Your goal
Write out again only the lines between the one with "Eddie Bauer Sport" and the end of the records below, both ends counted, and don't include the pictures.

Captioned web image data
##########

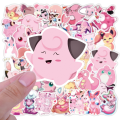 20/40/60Pcs Pink TAKARA TOMY Laptop stickers POKEMON stickers for kids. 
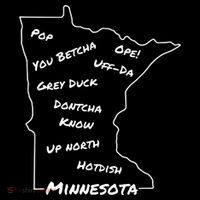 Minnesota Common Phrase Funny Midwestern Design Pom Pom 12in Knit Beanie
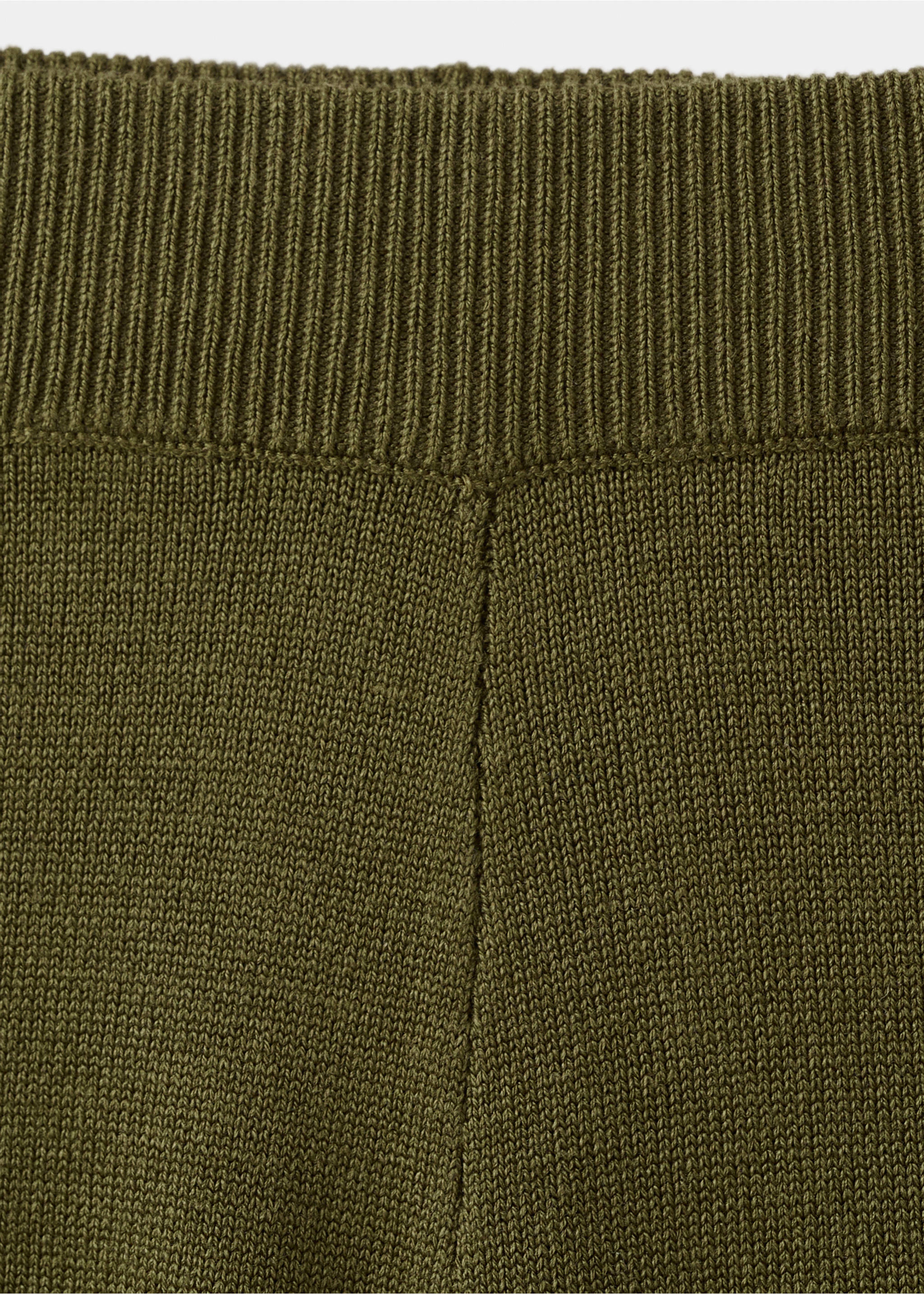 Pantalon droit maille fine - Détail de l'article 0, Kaki. Ref: 27085820-00.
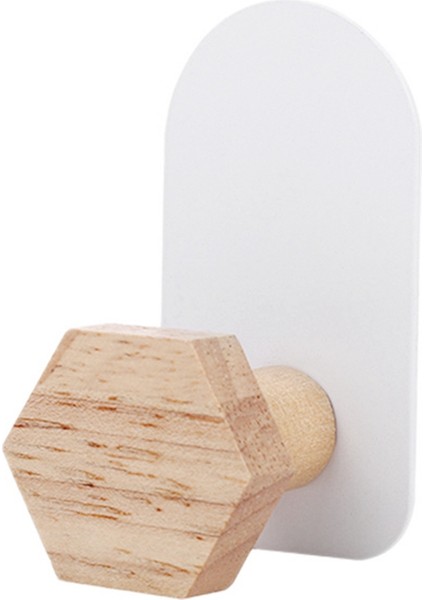 Deco Hook Ahşap Duvar Kancası Yıldız Kalp Şekilli Anahtar Kancası Modern Palto Kancası (Yurt Dışından)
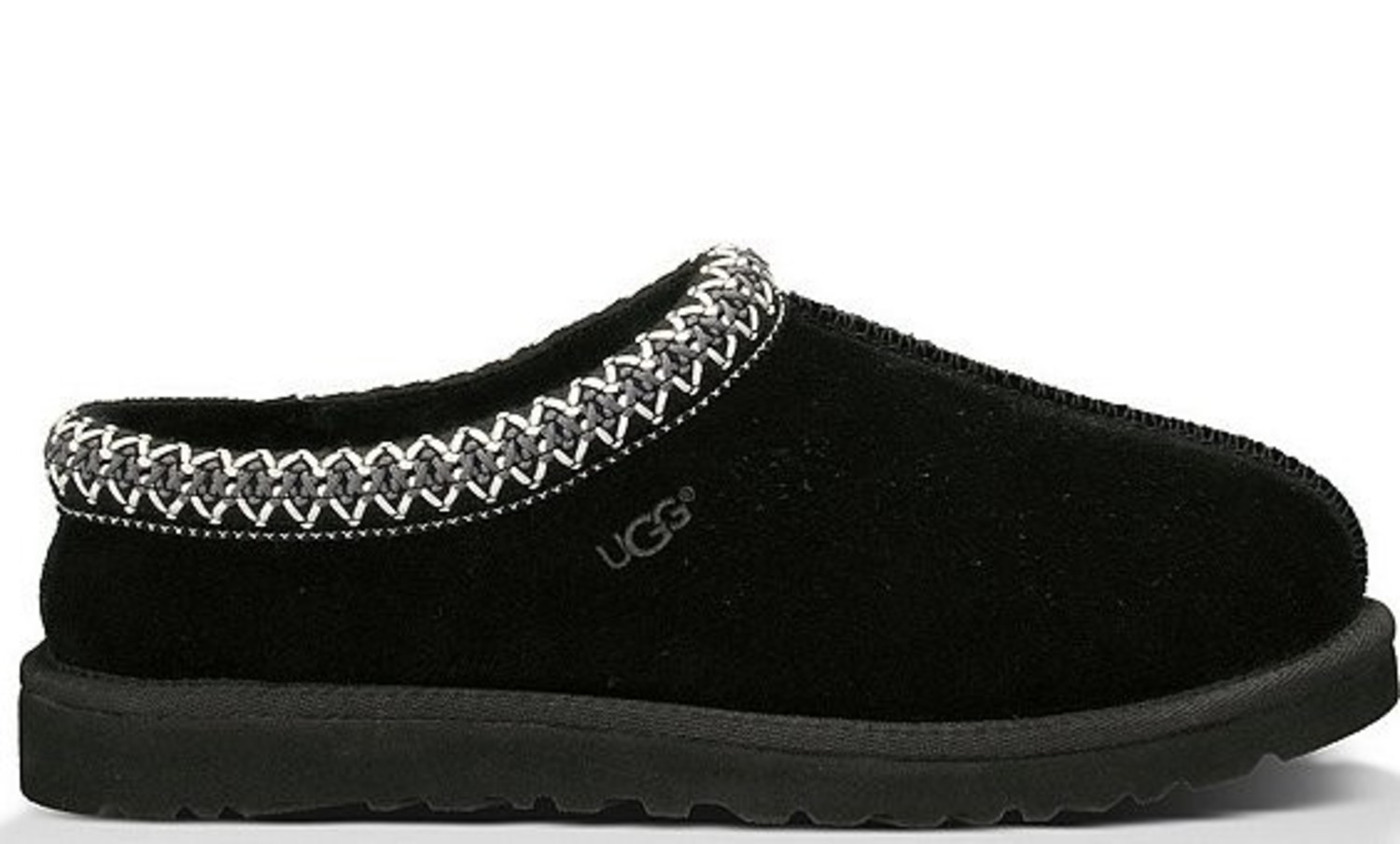 UGG Women's TASMAN GRAPHIC MONOGRAM BLACK Slippers Shoes 7US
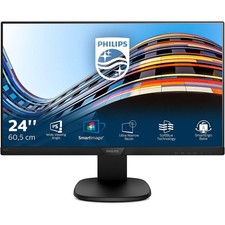 Philips 243S7EYMB 24 Zoll Full HD Monitor höhenverstellbar VGA DisplayPort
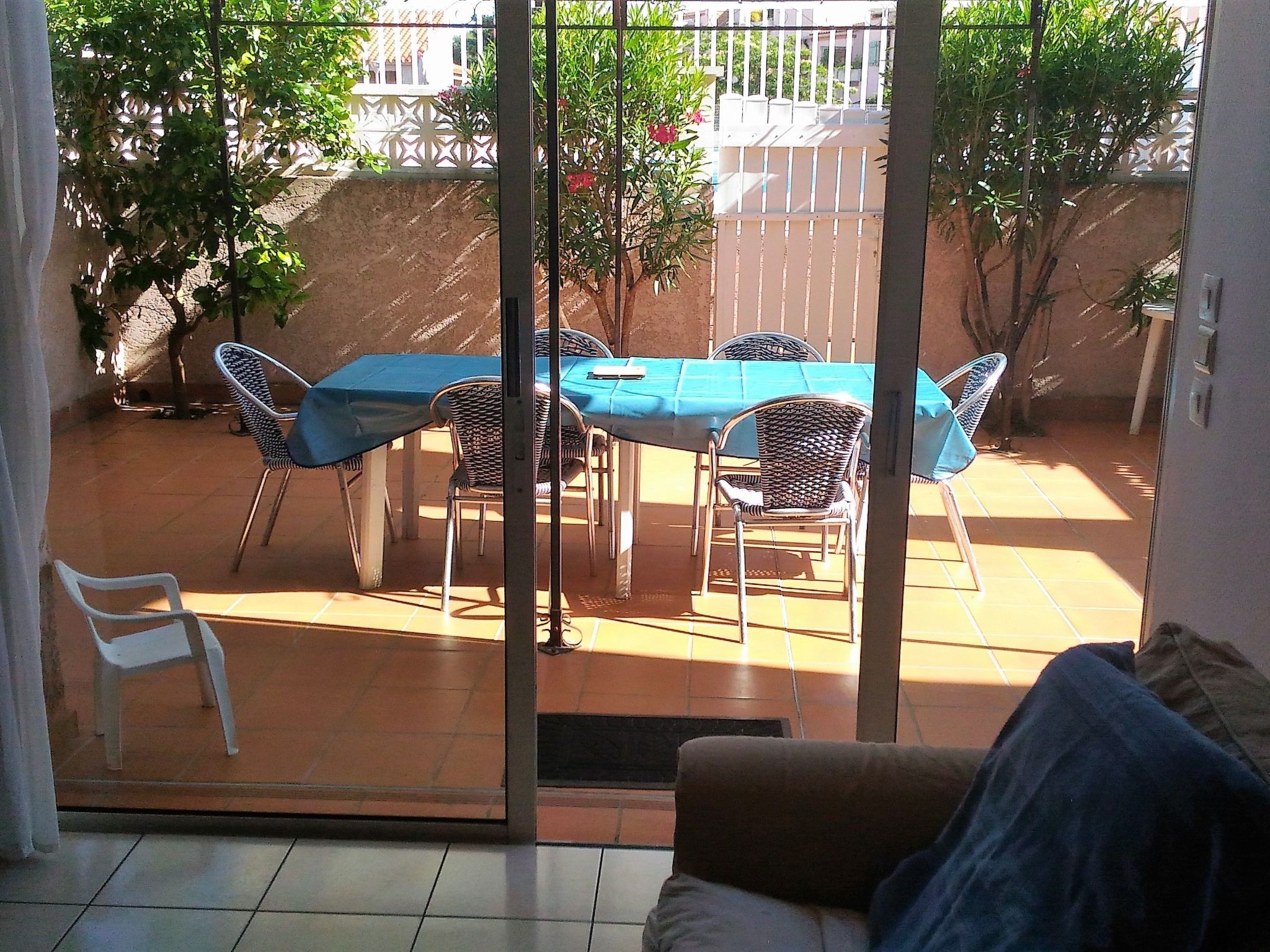 Wohnung "Clos 372" mit Terrasse-Drinnen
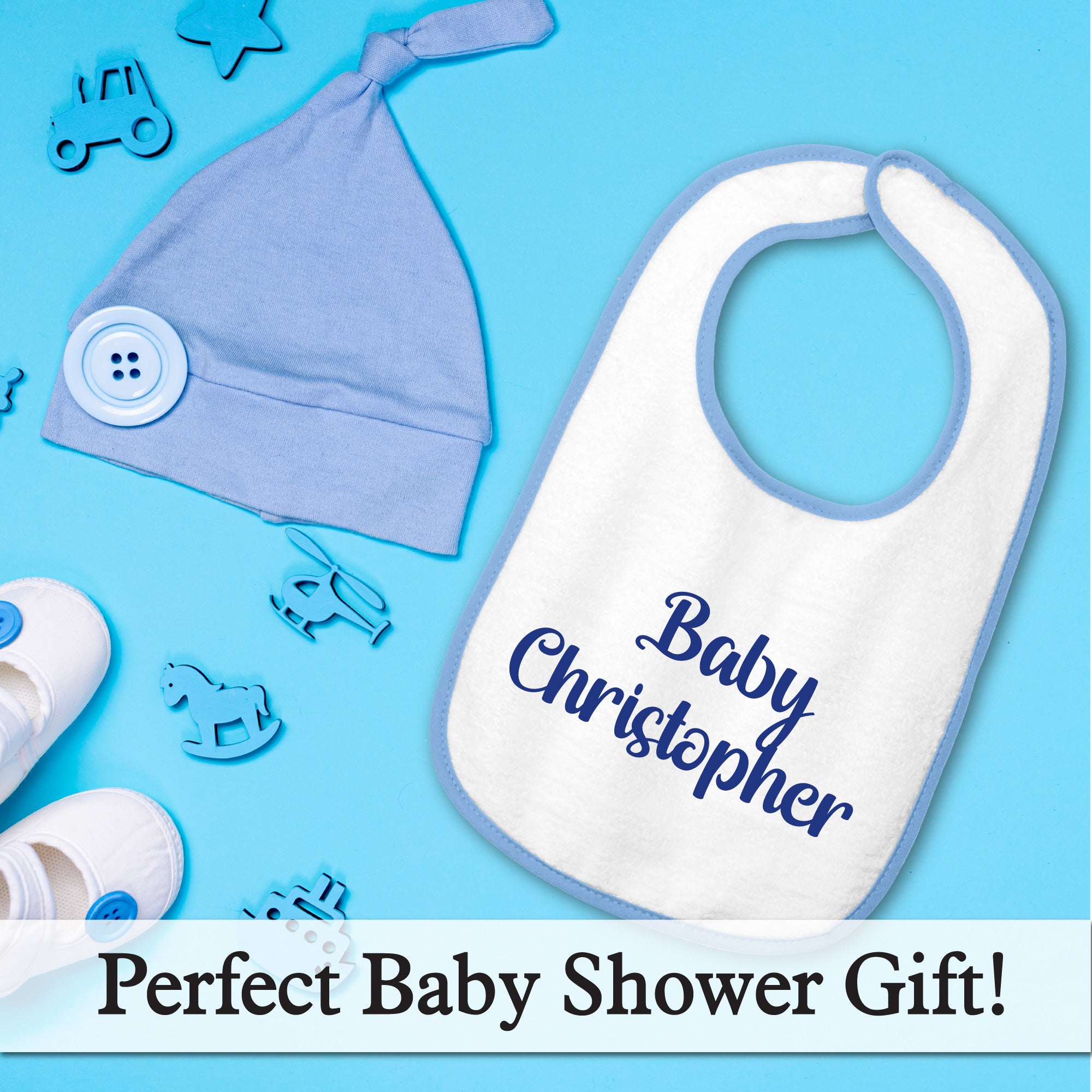 Personalized custom baby bib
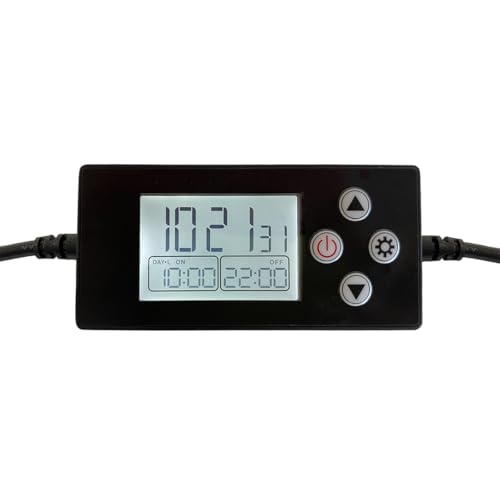 HappyBird Digitale Zeitschaltuhr | Programmierbarer Timer, stufenweise Dimmfunktion | Speziell für Vogellampen | Besonders sanfte Lichtregulierung | Simuliert den natürlichen Sonnenaufgang/-untergang von M&M Cage Company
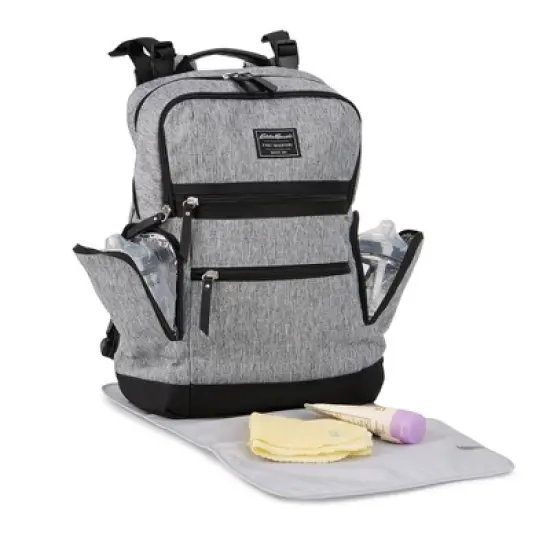 Eddie Bauer Sport Traveler Back Pack Diaper Bag - Gray image {2}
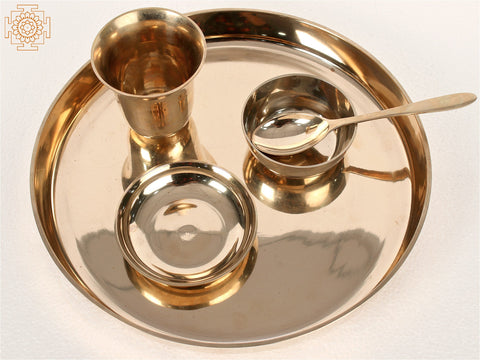 Brass Dinner Thali Set | Handmade | Made In India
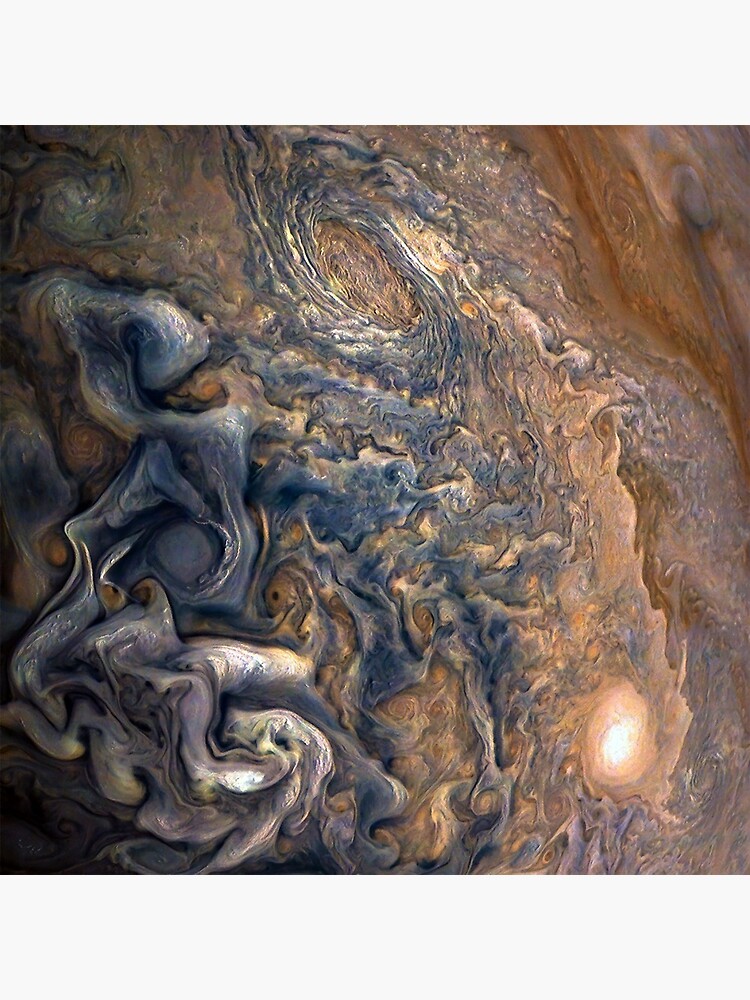 Swirling Clouds of Planet Jupiter Close Up from Juno Cam by allhistory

##########

Solution
 Eddie Bauer Sport Traveler Back Pack Diaper Bag - Gray image {2}
 Brass Dinner Thali Set | Handmade | Made In India
 Swirling Clouds of Planet Jupiter Close Up from Juno Cam by allhistory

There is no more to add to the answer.